On the other hand the concept of LOS starts from a uniform prior. This may be the reason that in case elo is very different from elo0,elo1 LOS bases stopping (with suitable tresholds) performs better than the SPRT (as has been reported by Kai, I have not verified this).

[[ The theory behind the 2-SPRT starts with a prior which can take three values: el0,elo1 and the elo point at which you want to optimize the
average sample number. ]]
Michel
Posts: 2272
Joined: Mon Sep 29, 2008 1:50 am

Re: SPRT and margin of error.

Post by Michel »

Regarding error bars in SPRT, it is familiar to me that Michel did some graphs for 95% confidence error bars and the x axis had the variable LLR/games, but I have not found this graph right now.
They are here. Note that they are 90% confidence intervals.

http://hardy.uhasselt.be/Toga/cb_fishtest_10_STC.png
http://hardy.uhasselt.be/Toga/cb_fishtest_10_LTC.png
Michel
Posts: 2272
Joined: Mon Sep 29, 2008 1:50 am

Re: SPRT and margin of error.

Post by Michel »

Note that if you are _really_ concerned about performance for large elo differences you _should_ use the Schwarz sequential test.

This is a 2-SPRT where you optimize at the elo value estimated from the sample.

The added noise that goes into the estimated elo value makes it less efficient than either the SPRT or pure 2-SPRT at small elo values (although it is still much better than fixed length). However it should be better for large elo values.

Here is the paper that introduces the Schwarz test:

http://projecteuclid.org/euclid.aoms/1177704726
Michel
Posts: 2272
Joined: Mon Sep 29, 2008 1:50 am

Re: SPRT and margin of error.

Post by Michel »

Unlike talkchess claims, statistical tests are never plucked out of thin air. They are optimal answers to certain well posed problems.

So what optimization problem does the Schwarz test solve?

The answer is this: among the tests with prescribed error probabilities at elo0,elo1 it is the one with asymptotically minimal expected average sample number assuming a uniform prior.

This statement is still true if we replace "uniform prior" with any prior that is non-zero everywhere.
Michel
Posts: 2272
Joined: Mon Sep 29, 2008 1:50 am

Re: SPRT and margin of error.

Post by Michel »

The answer is this: among the tests with prescribed error probabilities at elo0,elo1 it is the one with asymptotically minimal expected average sample number assuming a uniform prior.
Sigh... "expected average" is of course redundant.

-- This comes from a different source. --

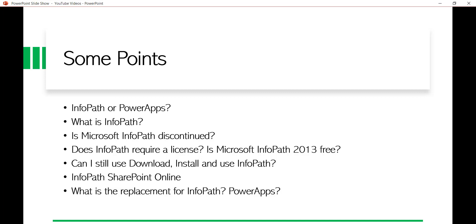Now, has Microsoft discontinued InfoPath? Yes — 2013 is the last version. Microsoft said a new product, Power Apps, will come for form designing. InfoPath is supported till 2026, so at the time of recording there are about five years remaining where it will still be supported.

One of those words is enough.
Michel
Posts: 2272
Joined: Mon Sep 29, 2008 1:50 am

Re: SPRT and margin of error.

Post by Michel »

I wrote a small simulator for the Schwarz test in python. The simulator is too slow for release but some testing shows that the Schwarz test is actually quite good. For small elo differences its performance seems to be similar to that of the SPRT and for large elo differences it finishes much more quickly.

For example for the 200 (Bayes)elo difference that started this topic it finishes in 47 games on average.